HOW TO COMPLETE THIS TASK: In this exercise, write out the data word for word and leave every image out.
━━━ SUPPLIED INFORMATION ━━━
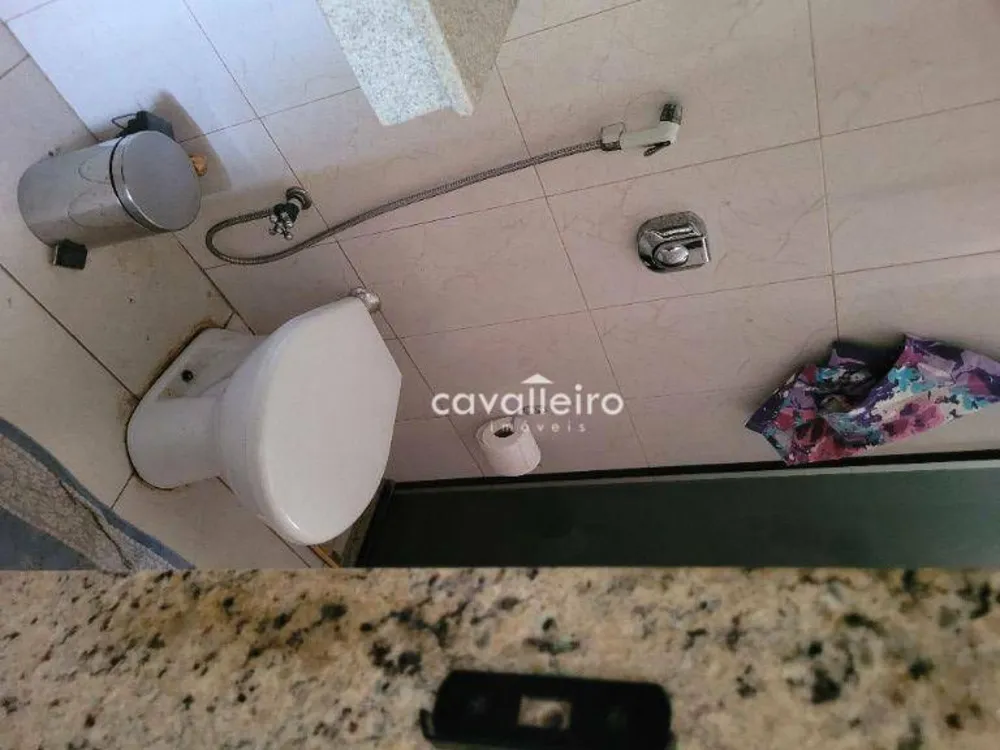 Chácara, 4 quartos, 5 m² - Foto 22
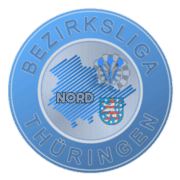 Thüringen Bezirksliga Nord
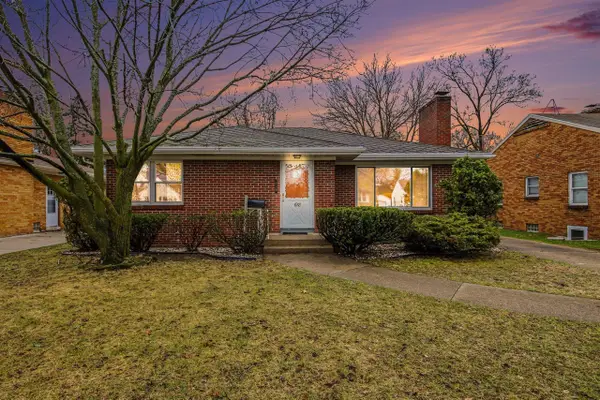 618 Alger, Grand Rapids, MI 49507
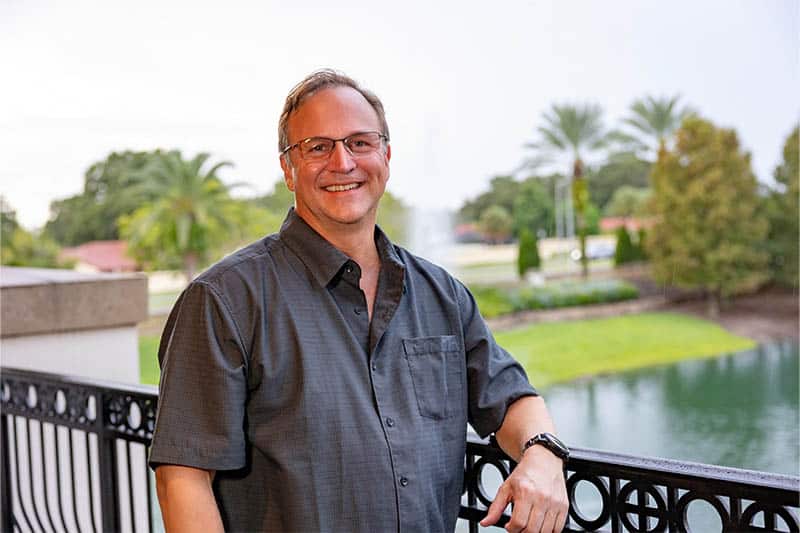 Scott Ecard Bio Page Image
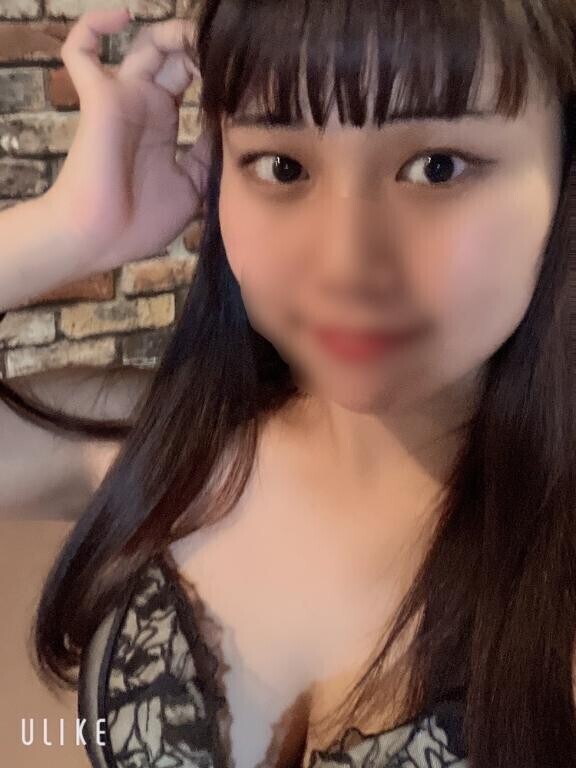 28日18時半から来てくれたYくん?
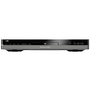 Odtwarzacz CD Harman-Kardon HD 980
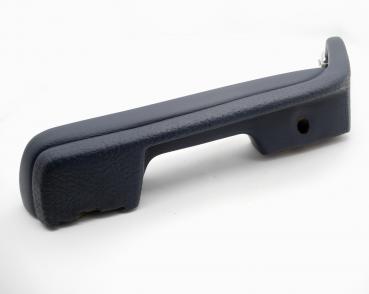 1079700101 Armlehne links Blau SL SLC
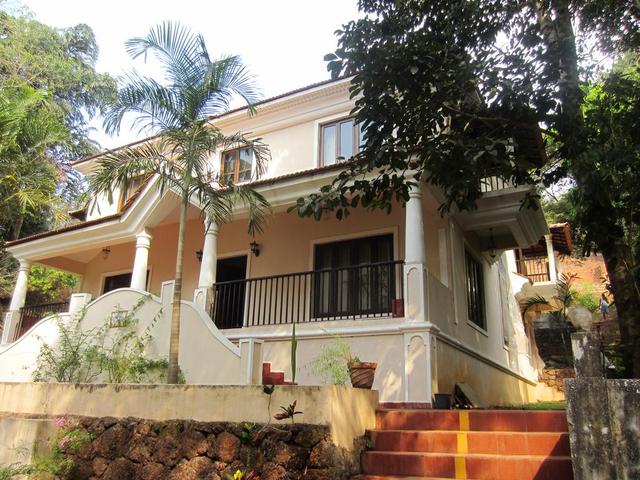 фотографии отеля Riverside Regency изображение №11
━━━
SOLUTION TO THE PROBLEM:
 Chácara, 4 quartos, 5 m² - Foto 22
 Thüringen Bezirksliga Nord
 618 Alger, Grand Rapids, MI 49507
 Scott Ecard Bio Page Image
 28日18時半から来てくれたYくん?
 Odtwarzacz CD Harman-Kardon HD 980
 1079700101 Armlehne links Blau SL SLC
 фотографии отеля Riverside Regency изображение №11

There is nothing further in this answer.